Thanks a lot for the reply. Can I do this by choosing hdd for /boot, sd card for /, and hdd for /home when I install openSUSE?

-Joon

So, you must select a custom partition, not based on anything openSUSE comes up with. You need free space somewhere or you are downsizing existing partitions or you are deleting them. You can use an existing SWAP and /home partition if you want to. You should then create a /boot partition on the internal hard drive (/dev/sda) and it likely should be a primary partition (sda1, sda2, sda3 or sda4) of 2 to 4 GB’s in size. That means you add a partition, make it EXT4, a primary partition and mount it as /boot. You will want to think about where to place your /home folder and the SWAP partition. Next, for root, make a EXT4 partition on the SD drive, which must be installed before you boot the CD or DVD and assign it to root /. Create a EXT4 primary partition there and I would hope you got at least a 16 GB size SD Card. You normally need at least three partitions total between all drives, the Root /, SWAP and /home and you are adding in a forth for /boot. Before you select install In the booting section, you can select a custom boot location and make sure it just says /dev/sda with no partition number. Before you elect to continue the install, it should say in the boot section to install Grub into the MBR. You know you can go through the paces but just abort before you allow the install to continue and write down any new questions you have and don’t allow the install to continue. I have a write up on partitioning, but not to do what you ask, but still helpful none-the-less.

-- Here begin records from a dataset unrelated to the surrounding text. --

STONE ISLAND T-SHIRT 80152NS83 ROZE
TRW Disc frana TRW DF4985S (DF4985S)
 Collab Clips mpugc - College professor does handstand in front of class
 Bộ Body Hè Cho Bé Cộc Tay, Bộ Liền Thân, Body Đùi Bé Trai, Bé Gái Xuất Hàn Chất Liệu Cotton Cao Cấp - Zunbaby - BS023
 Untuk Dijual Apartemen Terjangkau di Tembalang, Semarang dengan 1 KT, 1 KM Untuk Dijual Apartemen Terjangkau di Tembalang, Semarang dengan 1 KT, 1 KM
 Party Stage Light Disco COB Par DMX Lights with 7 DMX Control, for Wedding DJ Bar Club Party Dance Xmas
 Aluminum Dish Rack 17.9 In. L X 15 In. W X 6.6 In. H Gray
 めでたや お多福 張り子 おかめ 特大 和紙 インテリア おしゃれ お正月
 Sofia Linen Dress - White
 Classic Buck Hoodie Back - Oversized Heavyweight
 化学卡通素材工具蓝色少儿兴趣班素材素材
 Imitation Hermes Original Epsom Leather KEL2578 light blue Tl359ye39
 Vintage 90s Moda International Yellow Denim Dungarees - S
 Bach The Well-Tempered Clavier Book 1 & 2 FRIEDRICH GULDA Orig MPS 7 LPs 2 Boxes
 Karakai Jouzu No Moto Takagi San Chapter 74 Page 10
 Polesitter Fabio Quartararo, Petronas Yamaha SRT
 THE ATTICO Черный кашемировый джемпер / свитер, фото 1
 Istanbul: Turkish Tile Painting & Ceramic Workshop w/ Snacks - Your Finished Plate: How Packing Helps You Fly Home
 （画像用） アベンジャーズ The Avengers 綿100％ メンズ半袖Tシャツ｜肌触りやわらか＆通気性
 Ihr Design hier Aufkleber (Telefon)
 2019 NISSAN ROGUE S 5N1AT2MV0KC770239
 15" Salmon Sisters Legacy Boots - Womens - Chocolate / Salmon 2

https://forums.opensuse.org/content/111-partitioning-hard-disk-during-install.html

Thank You,

What a detailed instructions! Thank you so much! I will try this and ask you again if I have any other questions.

-Joon

Of course you can make a seperate partition for /boot when you want. Linux does not care about the real hardware (revolving disk, static memory) beneath it. And Linux also does not care about where the partitions are (on different devices). So the mixing is up to you. In your case, a /boot aprtiition on a device the BIOS can boot from and GRUB in it’s MBR looks fine to me. You can tell the installer what you want (expert mode or such wording in it’s partition part).

On 2012-12-02 04:06, jdmcdaniel3 wrote:

> You could do try this by just placing the Grub 2 boot loader into the
> MBR of your internal hard drive and the rest on the SD.

Another method, assuming the OP has Windows in the HD and doesn’t want
to touch that HD, is to use the Windows native booter, configured with
BCDedit.


Cheers / Saludos,

Carlos E. R.
(from 12.1 x86_64 “Asparagus” at Telcontar)

I am not assuming any Windows, because he did not tell. When your assumption is correct, this would be a big ommision from the OP’s side ;(

I don’t have windows installed. :slight_smile:

I wouldn’t spread the system across SD and internal HDD, rather first make sure the laptops won’t boot from other devices.
If they can, install to the SD card. That way you can install the system supposed to run from SD on the SD, leaving the rest of the machine untouched and not needing the SD card for booting.

thanks for the confirmation and congratulations for not using windows.